The twin wildfires known as the Mendocino Complex Fire have sprawled uncontrollably across parched land, leaving a trail of massive destruction.
The size of the fire has doubled over the past days and burned through 283,800 acres of dry land. In fact, the inferno ravaged three counties, surrounded a river and parts of neighboring reservoirs, destroyed nearly 170 homes and buildings, and forced thousands to flee.
Human casualties were also recorded. At least seven people have died in the Carr Fire, including two firefighters and a woman and her two great-grandchildren. The latest victim is a Pacific Gas & Electric Co. employee who was killed on Saturday.
The Mendocino Complex Fire has surpassed the previous record of the infamous Thomas Fire that burned nearly 282,000 acres of land in Ventura and Santa Barbara counties late last year.

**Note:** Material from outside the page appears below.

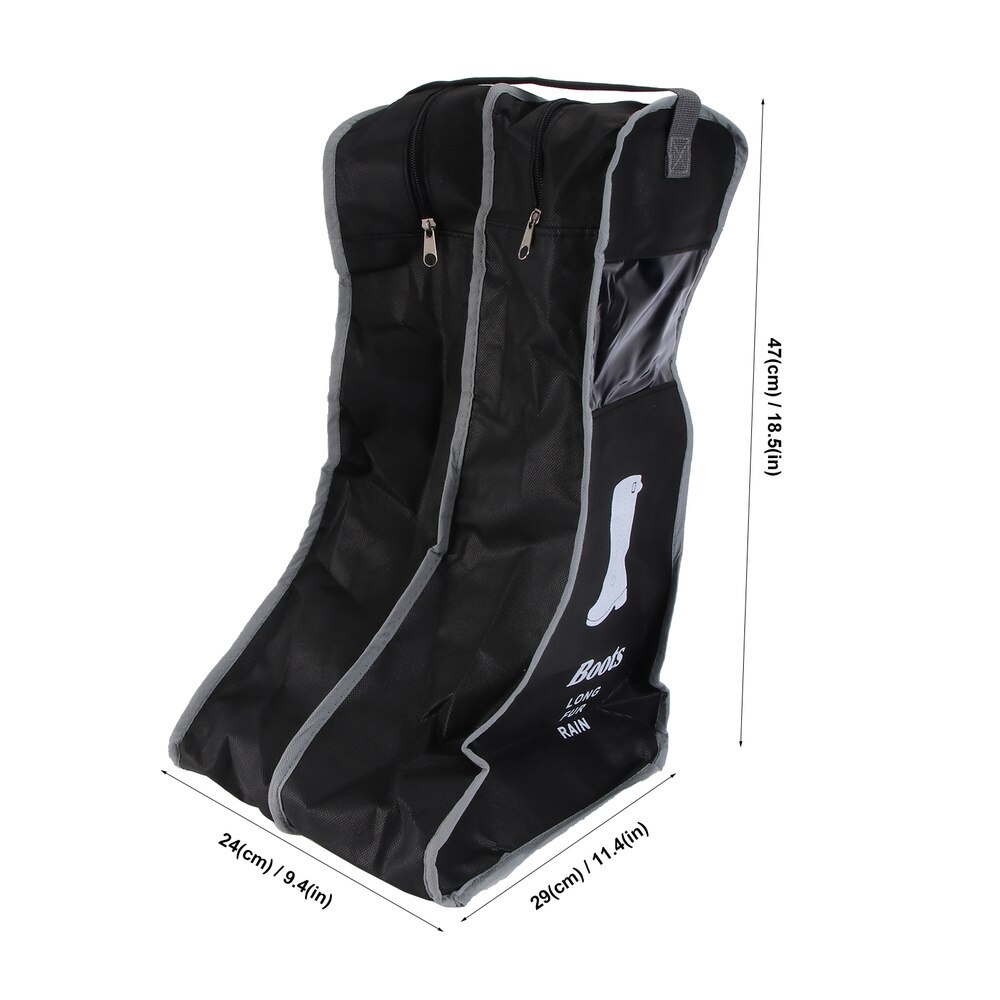 Travel Boots Storage Bag Non-woven Fabric Boots Dust Cover Protector Bag Under Bed Wardrobe Organizer for Cowboy Boots Snow Boot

There were several culprits in the causes of the Mendocino Complex Fire. The California Department of Forestry and Fire Protection, or Cal Fire, blamed it on winds blowing across the dry vegetation and triple digit temperatures.
“There’s some challenges that firefighters are facing near the fire and in the area of the fire. We have strong, erratic winds, and what that’s doing is blowing embers, and it’s spreading the fire,” Capt. Thanh Nguyen, an acting Cal Fire spokesman, said Monday. “You got steep terrain that makes it difficult for firefighters.”
President Donald Trump has a different side of the story. Trump posted in his Twitter account blaming it on “bad environmental laws which aren’t allowing a massive amount of readily available water to be properly utilized.”
“It is being diverted into the Pacific Ocean,” the president tweeted. “Must also tree clear to stop fire spreading!”
However, Cal Fire spokesman Mike Mohler countered back by saying that California has plenty of water to contain wildfires.
“Let’s be clear: It’s our changing climate that is leading to more severe and destructive fires,” he said.
This comment from the Cal Fire Department was backed by one a female ecologist the University of Wisconsin at Madison.
“Extreme droughts and high winds are increasing as climate is warming,” said Monica Turner, an ecologist at the University of Wisconsin at Madison who has spent three decades researching fires at Yellowstone National Park. “That’s the ultimate driver behind what’s happening in California.”
Record of Wildfires
Wildfires are not new in California. The state experienced some of its most destructive fires ever over the past year. In October 2017, deadly wildfires ravaged the northern part of California, killing at least twenty-six people and causing mass evacuations. At least seventeen wildfires swept through the northern part of the state. The state’s famous wine country – Napa, Sonoma and Mendocino counties were severely burned. The disaster left a trail of destruction, and at least 1,500 properties were damaged.